Work request.
Take the records below from their first line through the line holding "VESTIDO Z1975 MIDI", and set each of those lines down exactly, without pictures.

-------- Data for the task --------

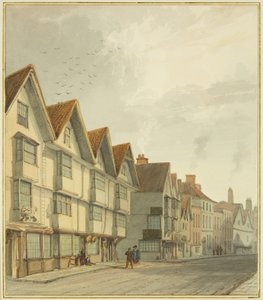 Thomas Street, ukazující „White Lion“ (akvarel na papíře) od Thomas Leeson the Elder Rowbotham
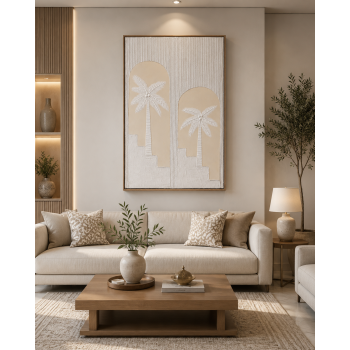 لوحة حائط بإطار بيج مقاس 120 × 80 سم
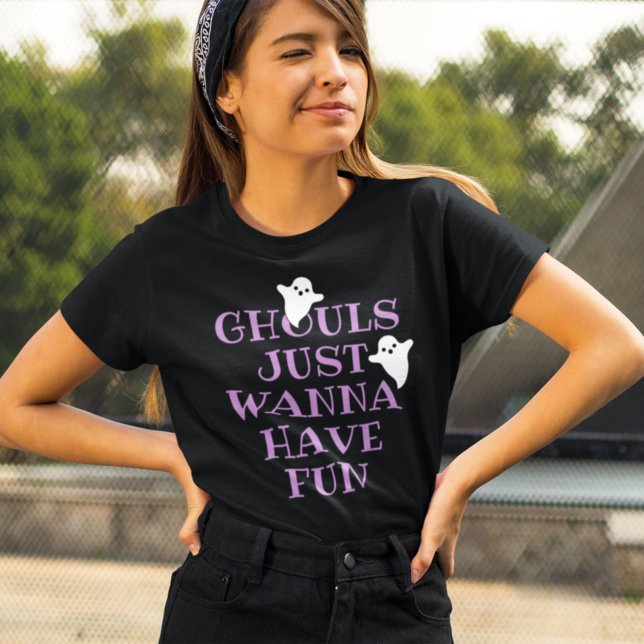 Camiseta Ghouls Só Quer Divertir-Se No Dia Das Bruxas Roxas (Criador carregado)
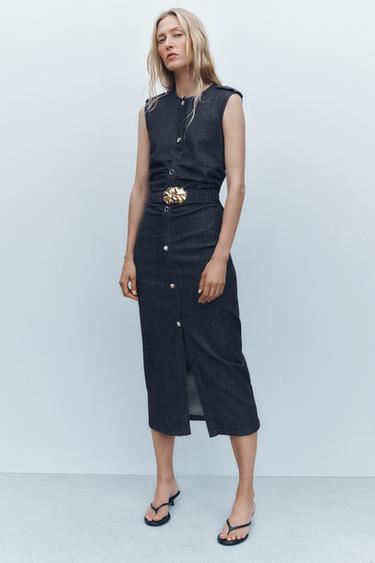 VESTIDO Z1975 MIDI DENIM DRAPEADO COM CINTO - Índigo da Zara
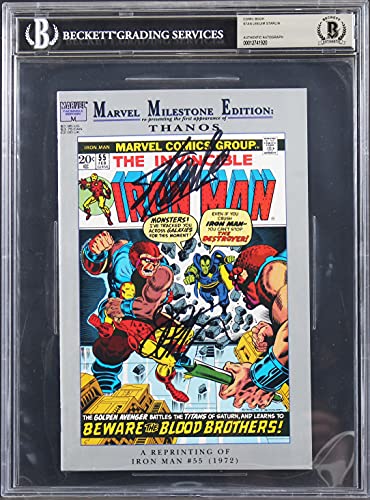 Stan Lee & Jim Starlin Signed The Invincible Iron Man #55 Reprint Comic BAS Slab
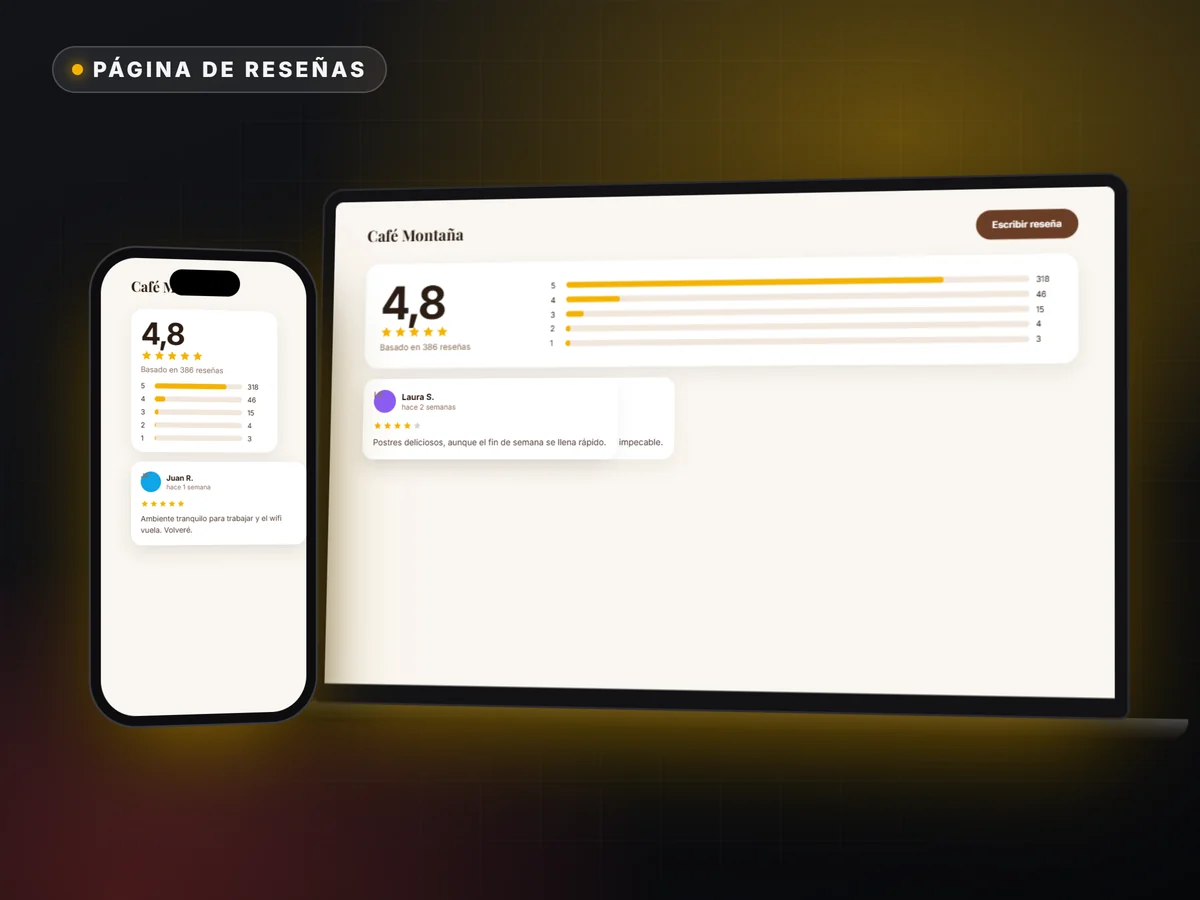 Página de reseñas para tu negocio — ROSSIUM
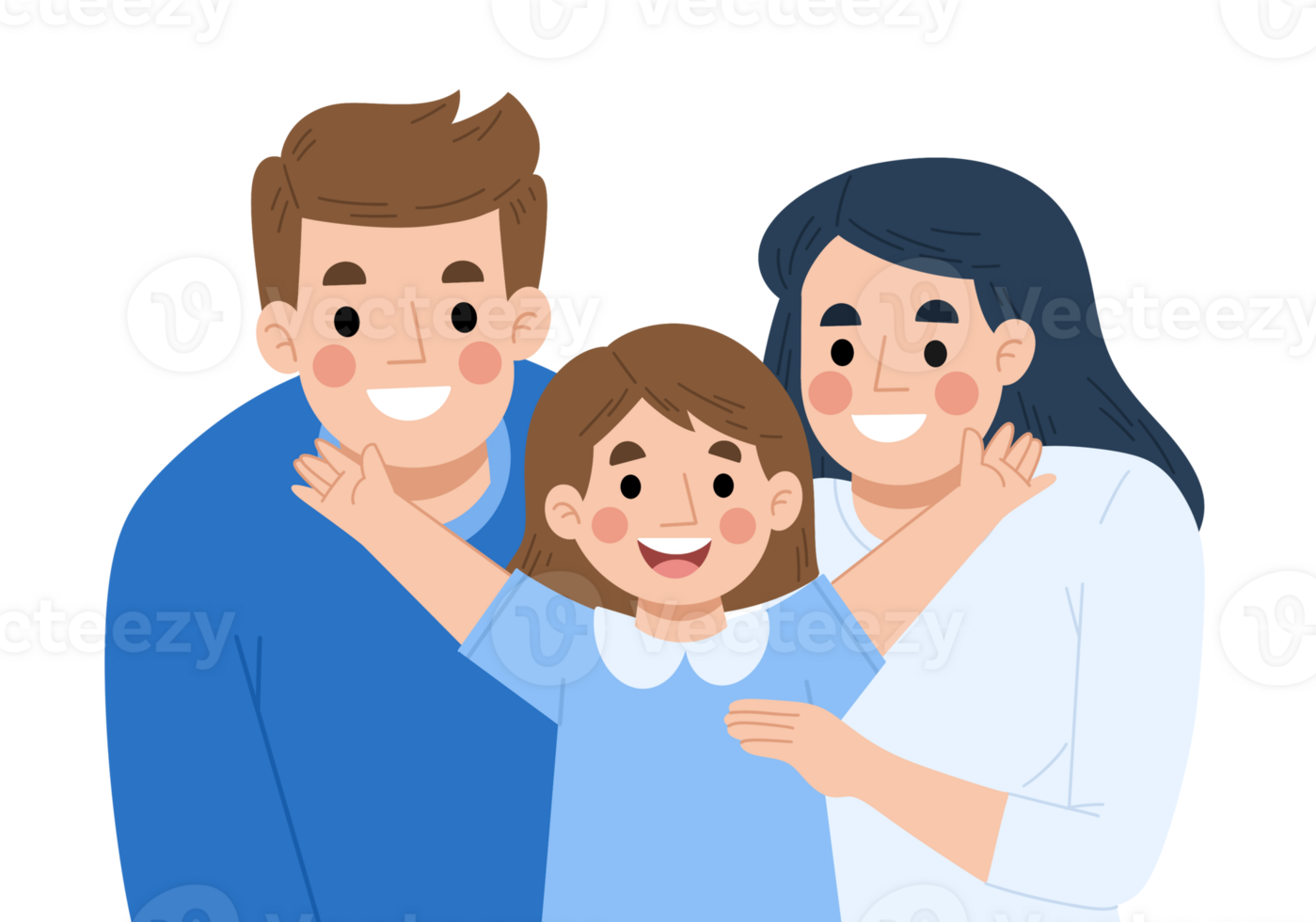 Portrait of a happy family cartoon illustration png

--------

Answer section.
 Thomas Street, ukazující „White Lion“ (akvarel na papíře) od Thomas Leeson the Elder Rowbotham
 لوحة حائط بإطار بيج مقاس 120 × 80 سم
 Camiseta Ghouls Só Quer Divertir-Se No Dia Das Bruxas Roxas (Criador carregado)
 VESTIDO Z1975 MIDI DENIM DRAPEADO COM CINTO - Índigo da Zara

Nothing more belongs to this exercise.